La Corte di Cassazione, sezione tributaria, con la sentenza n. 25674 depositata il 15 novembre 2013 intervenendo in materia di benefici fiscali prima casa ha stabilito che, ai fini delle agevolazioni prima casa, anche il vano non abitabile è da considerare parte della superficie complessiva dell’immobile ai fini del riconoscimento del carattere “di lusso” dello stesso, qualora il locale sia facilmente utilizzabile.
In particolare, i giudici della Corte Suprema ha affermato che:
- con “superficie utile complessiva” non si deve far riferimento solamente alla superficie abitabile;
- la facile utilizzazione di una superficie è concetto che prescinde dall’abitabilità.
Il concetto di superficie utile complessiva prescinde dalla sua abitabilità, sicché anche un vano deposito non abitabile può far aumentare la metratura dell’immobile fino a farlo diventare di “lusso”.

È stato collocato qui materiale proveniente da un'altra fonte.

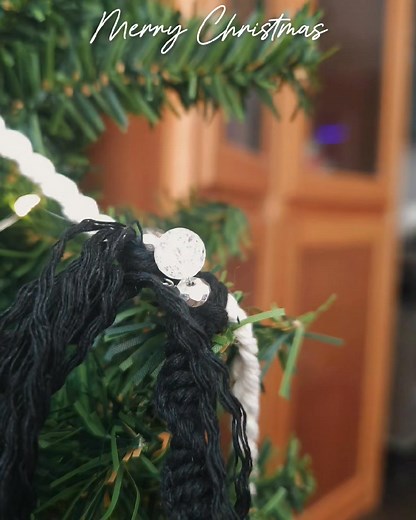 ✨🎄 They’re HERE! My Christmas Snow-Gnomes & Macramé Garland just dropped on Etsy! 🎅🏼 Handmade • Crystal-infused • Bursting with good vibes 💫 Each knot is tied with intention (and maybe a little too much coffee 😆). 💚 5% of every purchase supports Mental Health — because giving back is the real holiday magic. 🌟 🎁 Tap the link in bio to shop before the elves do! #KnottyInfusions #ChristmasGnomes #BohoChristmas #HandmadeHoliday #MacrameMagic #EtsyFinds #ShopSmall #PositiveEnergy #MentalHealt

La vicenda ha riguardato due coniugi a cui veniva notificato un avviso di liquidazione con cui, l’Agenzia delle Entrate, si revocava l’agevolazione fiscale prima casa, era recuperata a tassazione l’ordinaria imposta di registro e inflitte sanzioni sull’acquisto di un immobile. Tale immobile, ad avviso dell’Ufficio finanziario, era di lusso perché aveva una superficie utile complessiva superiore a 240 mq., dovendosi in essa computare il cosiddetto vano deposito, posto che quest’ultimo presentava un’altezza di 3,25 m. e due ampie finestre oltre a un’ampia portafinestra, essendo invece irrilevante la sua destinazione di fatto.

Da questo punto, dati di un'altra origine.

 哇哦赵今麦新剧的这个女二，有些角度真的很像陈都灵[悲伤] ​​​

Avverso tale atto impositivo i contribuenti proponevano ricorso inanzi alla Commissione Tributaria Provinciale i cui giudici rigettano le doglianze dei ricorrenti. I coniugi impugnano la sentenza del giudice di prime cure dinanzi alla Commissione Tributaria Regionale. I giudici di appello rigettando l’appello dei contribuente ha ritenuto che “correttamente l’Ufficio avesse accertato l’abitazione come di “lusso” ai sensi dell’art. 6 d.m. 2 agosto 1969, con la conseguente revoca del beneficio in parola”.
I coniugi, soccombenti, ricorrono contro la sentenza della CTR alla Suprema Corte affidandosi a due motivi di censura.

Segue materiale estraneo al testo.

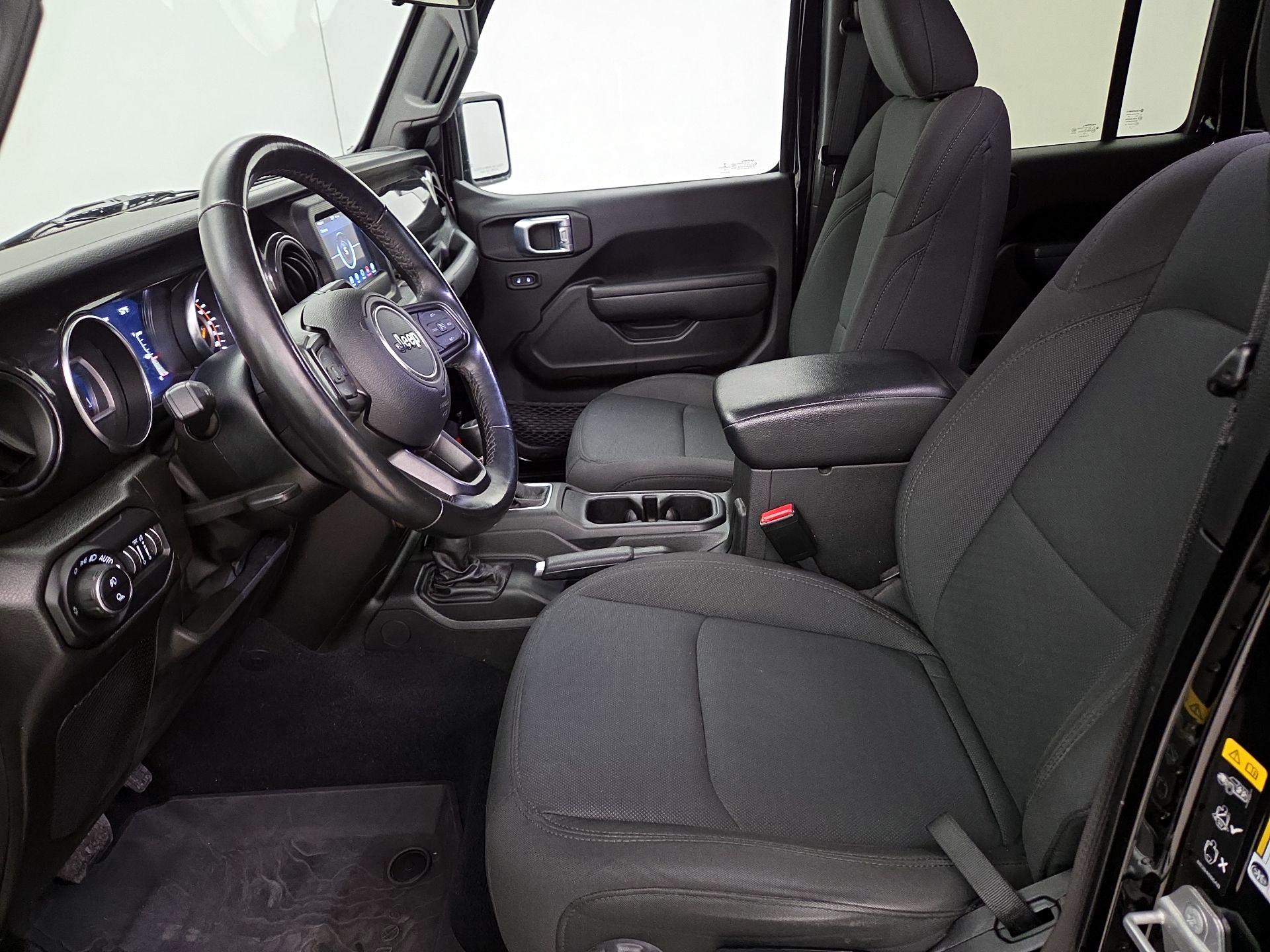 Thumbnail: 2022 Jeep Gladiator - 11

Gli Ermellini, nel respingere il ricorso dei contribuenti, osservano che la superficie utile complessiva non può restrittivamente identificarsi con la sola superficie abitabile: l’abitabilità va considerata come un criterio non esclusivo al fine dell’individuazione della categoria giuridica della “superficie utile complessiva” di cui all’articolo 6 D.M. 2 agosto 1969.
In effetti, l’utilizzabilità di una superficie è concetto che prescinde dall’abitabilità ed è quello più idoneo a esprimere il carattere “lussuoso” o meno di una casa. Cosicché, la possibilità di conseguire una facile abitabilità, mediante, per esempio, un semplice adeguamento dei rapporti aereo-illuminanti, consente di ritenere “utile” la superficie abitativa; e il tener conto di questa marcata potenzialità abitativa consente di individuare meglio ciò che è di “lusso” o meno sul piano del mercato immobiliare, che, come noto, una tale disponibilità di superficie valorizza.
I giudici di legittimità, nel caso di specie, hanno disatteso la tesi dei contribuenti secondo cui, per superficie utile complessiva ex D.M. 2 del 1969 doveva intendersi solamente la superficie abitabile e tale non era, all’atto dell’acquisto, il vano deposito in questione perché non rispettava i rapporti aero-illuminanti di cui al regolamento edilizio, non avendo finestre di adeguata ampiezza, tant’è vero che per ottenere l’abitabilità erano occorsi, successivamente all’acquisto, importanti lavori di ristrutturazione.